Semaglutide and tirzepatide work by mimicking the effects of GLP-1, a hormone that occurs naturally in the body. These drugs work on GLP-1 receptors in the pancreas to trigger the release of insulin after eating, which helps control blood sugar levels in people with diabetes. They also bind to GLP-1 receptors in the brain to make people feel full, leading them to eat less.
Scientists are still trying to understand other side effects of these drugs, including cardiovascular benefits. One explanation is that GLP-1 receptors are also found on cells in the heart, blood vessels, liver and kidneys, so these drugs may act directly on those organs. “It turns out that these receptors are present in many parts of the body,” says Katherine Tuttle, a clinical professor of nephrology at the University of Washington School of Medicine.
AND recent trial led by Tuttle was stopped early because of overwhelming evidence that semaglutide had a protective effect on the kidneys. The study involved more than 3,500 people with type 2 diabetes and kidney disease. About half of the participants received weekly injections of semaglutide, while the other half received a placebo injection. After an average of three and a half years, the semaglutide group was 24 percent less likely to have a sedate kidney-related event — such as needing dialysis or a kidney transplant.

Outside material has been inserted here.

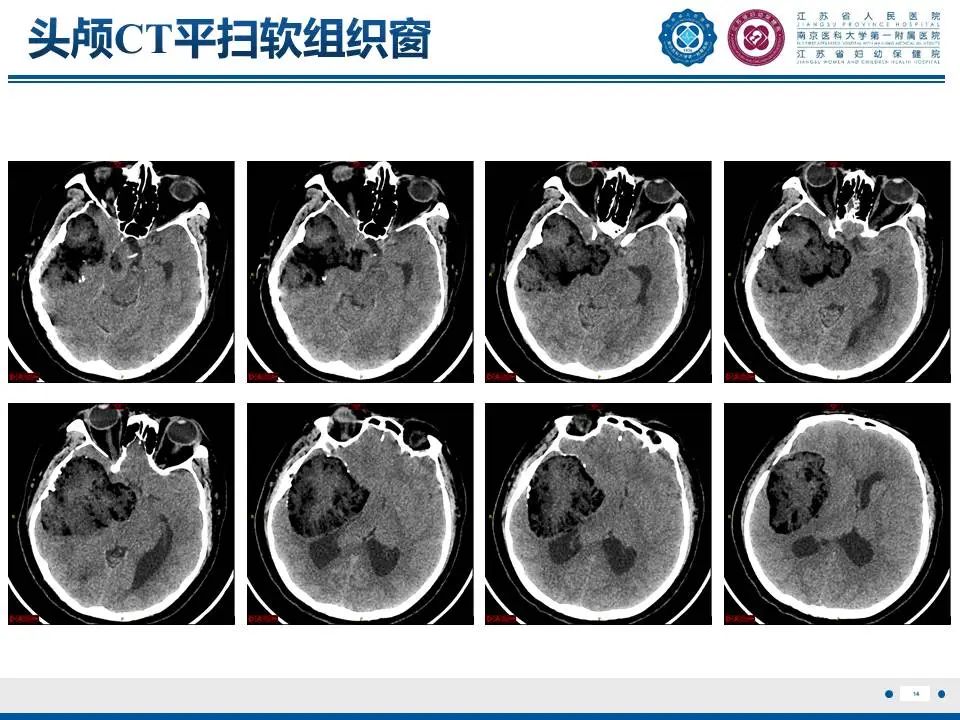 颅内畸胎瘤影像诊断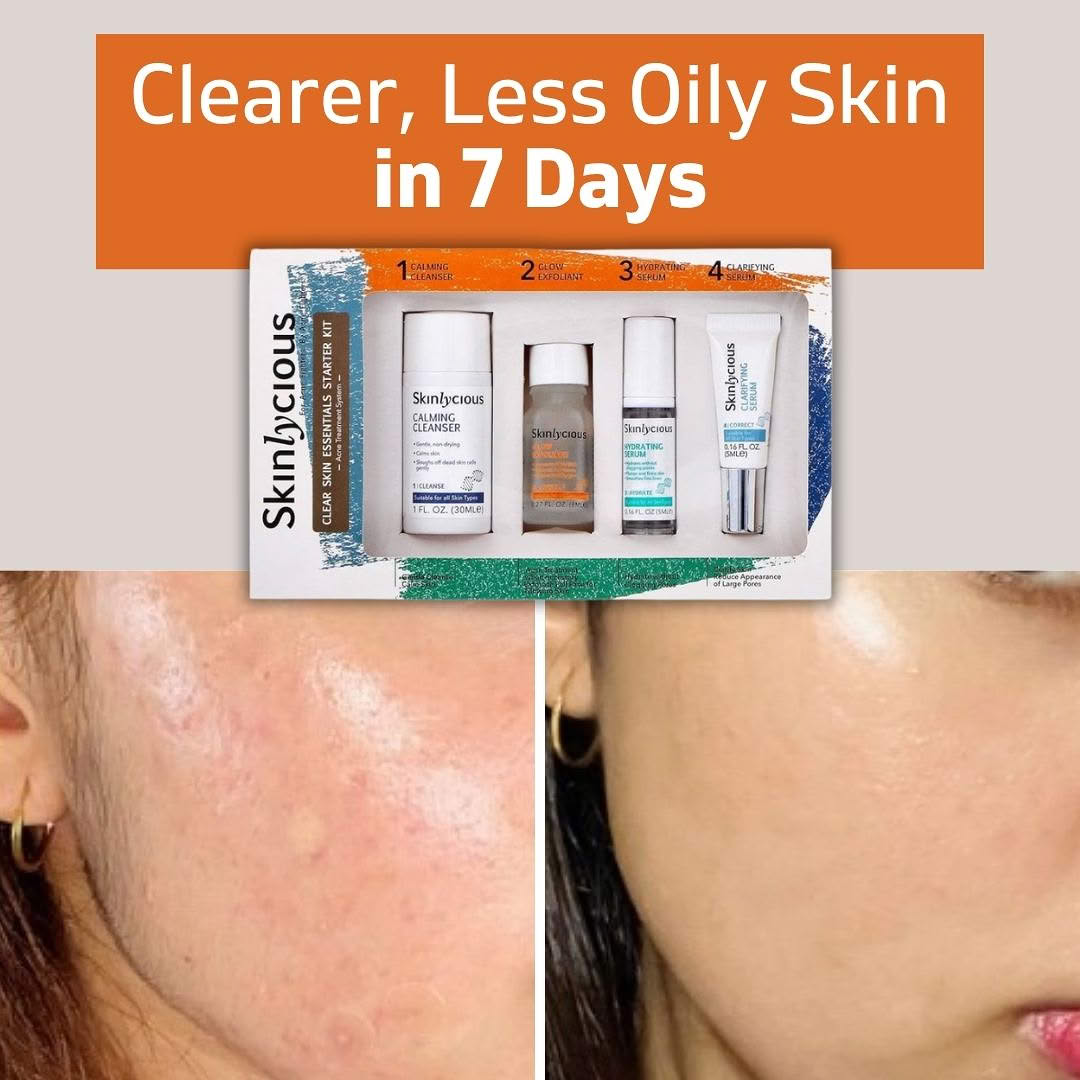 Skinlycious Facebook ad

Clinical trials aren’t typically designed to determine a drug’s mechanism of action—and in fact, the mechanisms of action of many drugs on the market aren’t fully understood. But Tuttle has his own theory about how semaglutide protects the kidneys: by inhibiting inflammation.
GLP-1 drugs can even reduce inflammation in the brain, raising hopes that they could be used to treat conditions like dementia and Parkinson’s disease, both of which are thought to play a role in inflammation.
In a U.K. study of 200 people with subtle Alzheimer’s, an older GLP-1 drug called liraglutide seemed to snail-paced the shrinkage of parts of the brain that control memory, learning, language and decision-making by up to 50 percent. People who received weekly injections of liraglutide for 52 weeks also had an 18 percent slower decline in cognitive function after a year, compared with those who received a placebo. Obesity is a known risk factor for developing Alzheimer’s, but the study did not specifically include people with obesity, suggesting that the drug helps in other ways.
Authors who presented the results last month at the Alzheimer’s Association’s annual conference, it is believed that liraglutide may work in several different ways, including reducing inflammation in the brain and lowering insulin resistance.
Heather Snyder, vice president of medical and scientific relations at the Alzheimer’s Association, says the results are stimulating, although larger studies will be needed to confirm this protective effect. “This is really the first study where we’ve seen a hint of this benefit for individuals,” she says.
And neuroprotective effects may extend to Parkinson’s disease. An older GLP-1 diabetes drug, lixisenatide, seemed to snail-paced the progression of Parkinson’s disease symptoms in a miniature study of 156 patients in France. The results published in AprilParticipants with early-stage Parkinson’s disease who took the drug for a year saw no worsening of motor symptoms, such as tremors, balance problems, slowness and stiffness. Meanwhile, those who received a placebo experienced a worsening over the same period.